- Film poster
- Screenplay by: Harley Peyton; Charles Robert Carner;
- Story by: Steven Paul
- Directed by: Charles Robert Carner
- Starring: Jon Voight; Teri Polo; James Caan; Melanie Griffith; Steven Bauer; Grant Bowler; Trevor Donovan;
- Music by: Eric Allaman
- Country of origin: United States
- Original language: English

Production
- Producer: Steven Paul
- Cinematography: Kristopher Kimlin
- Editors: David C. Eichhorn; Robert A. Ferretti;
- Running time: 85 minutes
- Production company: Crystal Sky Pictures

Original release
- Network: Hallmark Movies & Mysteries
- Release: August 21, 2016

= J.L. Family Ranch =

2016 TV film

J.L. Family Ranch is a 2016 American Western television film directed by Charles Robert Carner and written by Harley Peyton. It stars Jon Voight, Teri Polo, James Caan, Melanie Griffith, Steven Bauer, Grant Bowler, and Trevor Donovan.

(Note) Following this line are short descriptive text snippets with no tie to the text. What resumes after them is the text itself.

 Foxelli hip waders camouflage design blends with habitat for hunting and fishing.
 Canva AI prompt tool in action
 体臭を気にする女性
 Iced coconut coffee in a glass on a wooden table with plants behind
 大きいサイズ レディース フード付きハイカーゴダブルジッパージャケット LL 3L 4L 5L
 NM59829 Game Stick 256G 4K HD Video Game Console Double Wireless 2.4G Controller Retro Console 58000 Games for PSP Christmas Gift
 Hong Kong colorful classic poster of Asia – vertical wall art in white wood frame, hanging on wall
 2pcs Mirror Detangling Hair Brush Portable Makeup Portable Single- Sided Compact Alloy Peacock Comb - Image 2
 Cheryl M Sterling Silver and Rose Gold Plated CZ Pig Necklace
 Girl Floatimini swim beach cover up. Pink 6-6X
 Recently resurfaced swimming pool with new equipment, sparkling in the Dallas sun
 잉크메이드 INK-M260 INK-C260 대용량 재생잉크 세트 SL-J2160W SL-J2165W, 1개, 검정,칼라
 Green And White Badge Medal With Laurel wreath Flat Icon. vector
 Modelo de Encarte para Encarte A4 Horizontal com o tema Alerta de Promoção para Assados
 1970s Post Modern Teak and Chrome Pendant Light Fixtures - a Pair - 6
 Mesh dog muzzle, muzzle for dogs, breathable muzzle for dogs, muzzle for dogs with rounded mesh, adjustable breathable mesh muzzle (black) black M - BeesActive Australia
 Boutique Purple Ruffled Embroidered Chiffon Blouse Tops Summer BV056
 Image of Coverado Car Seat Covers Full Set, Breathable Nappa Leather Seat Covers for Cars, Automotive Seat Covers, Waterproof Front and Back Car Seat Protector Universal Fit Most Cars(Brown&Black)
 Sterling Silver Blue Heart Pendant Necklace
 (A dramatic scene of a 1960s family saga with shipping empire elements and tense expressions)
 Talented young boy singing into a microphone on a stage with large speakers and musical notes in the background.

It was broadcast on the Hallmark Movies & Mysteries channel on August 21, 2016. It was released in Europe as Texas Blood.
It was followed by a sequel JL Family Ranch 2 in 2020.

==Plot==
Veteran rancher and former sheriff John Landsburg must face federal bureaucracy when an old enemy, Tap Peterson, alleges John does not actually own the family's Texas ranch.

== Cast ==
- Jon Voight as John Landsburg
- Teri Polo as Rebecca Landsburg
- James Caan as Tap Peterson
- Melanie Griffith as Laura Lee Schafer
- Steven Bauer as Hector Arrieta
- Abby Brammell as Regan Landsburg
- Grant Bowler as Sheriff Henry Whitlock
- Trevor Donovan as Brady Landsburg
- Nathan Keyes as Terrence
- Lee Purcell as Mable Ritter
- Skyler Shaye as Lynn Landsburg
- Kevin Lingle as Agent in Charge
- Shane Woodson as Ethan Petersen
- Cory Scott Allen as McCarthy
- Clarke Vesty is Jon Voight's double and appears as a ranch hand

== Production ==
Principal photography on the film began in mid-January 2016 in Kentucky, with Charles Robert Carner directing and Crystal Sky Pictures' Steven Paul producing from a script by Harley Peyton and music by Eric Allaman.